- **SOURCE MATERIAL**
↓↓↓

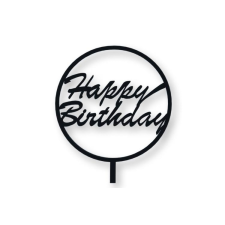 Fekete kerek Happy Birthday feliratos tortadísz sziluett sütés és főzés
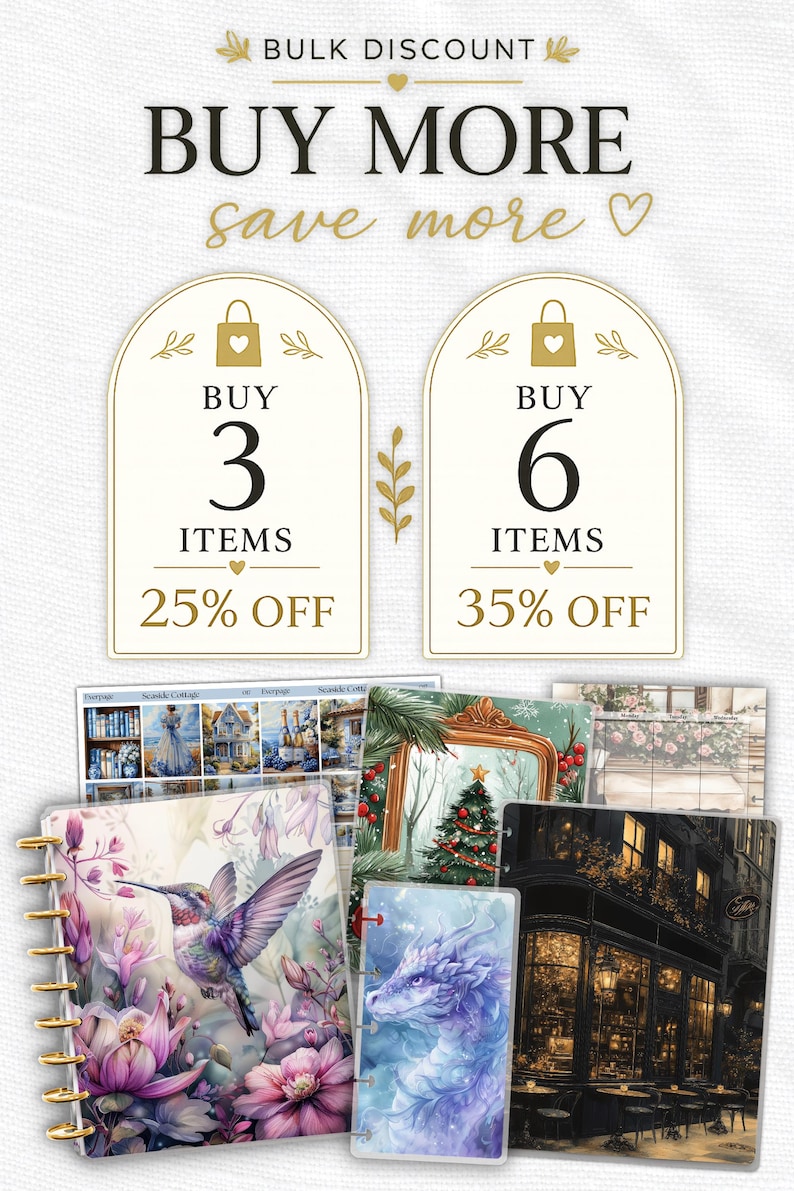 Vintage Botanical Planner Cover Printable PDF for Happy Planner TUL Erin Condren 7x9 A4 US Letter Instant Download image 7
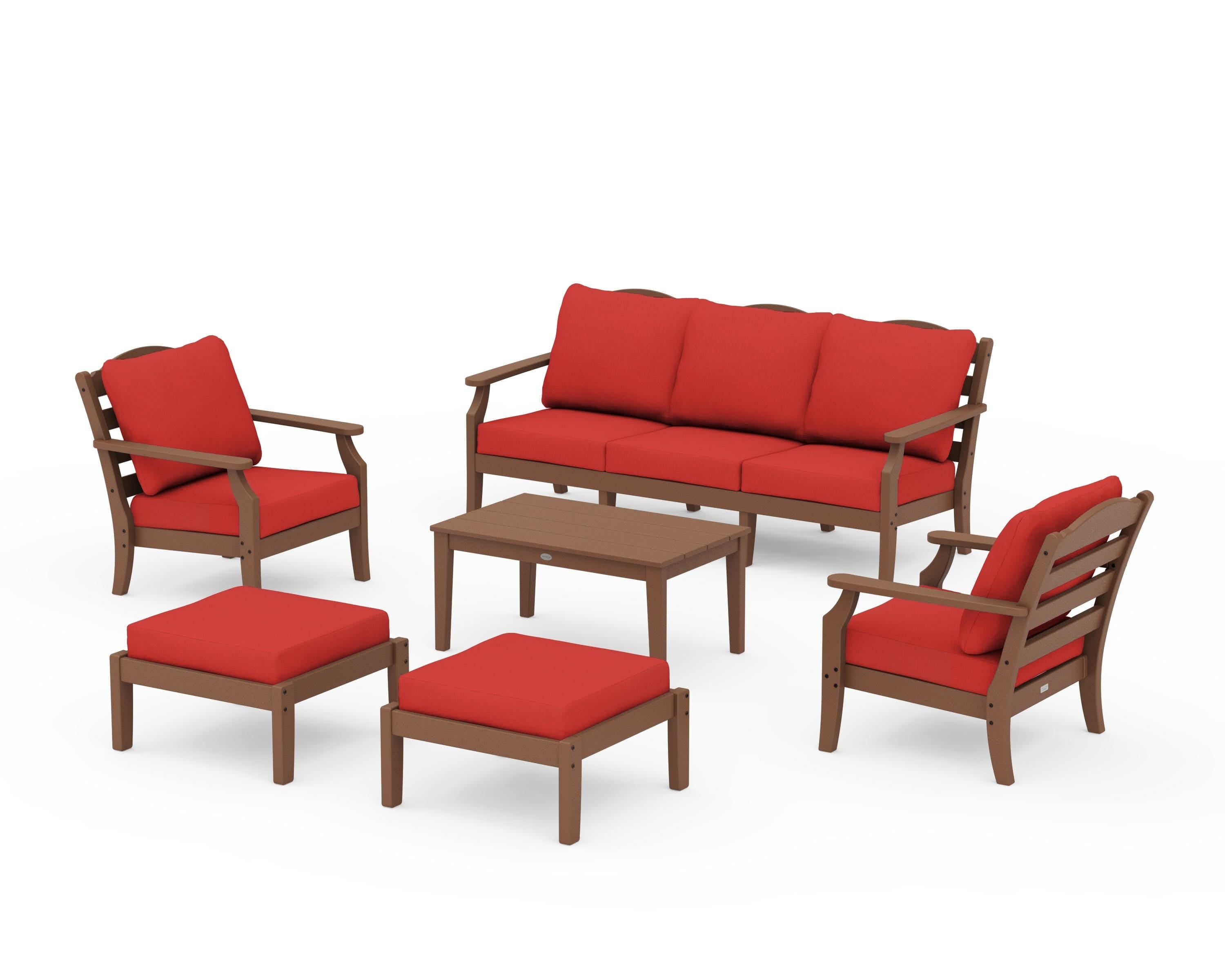 Draper James™ by  POLYWOOD® Savannah 6-Piece Lounge Sofa Set in Teak / Crimson Linen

↑↑↑

In your copy, leave out the pictures and reproduce the material above exactly.

 Fekete kerek Happy Birthday feliratos tortadísz sziluett sütés és főzés
 Vintage Botanical Planner Cover Printable PDF for Happy Planner TUL Erin Condren 7x9 A4 US Letter Instant Download image 7
 Draper James™ by  POLYWOOD® Savannah 6-Piece Lounge Sofa Set in Teak / Crimson Linen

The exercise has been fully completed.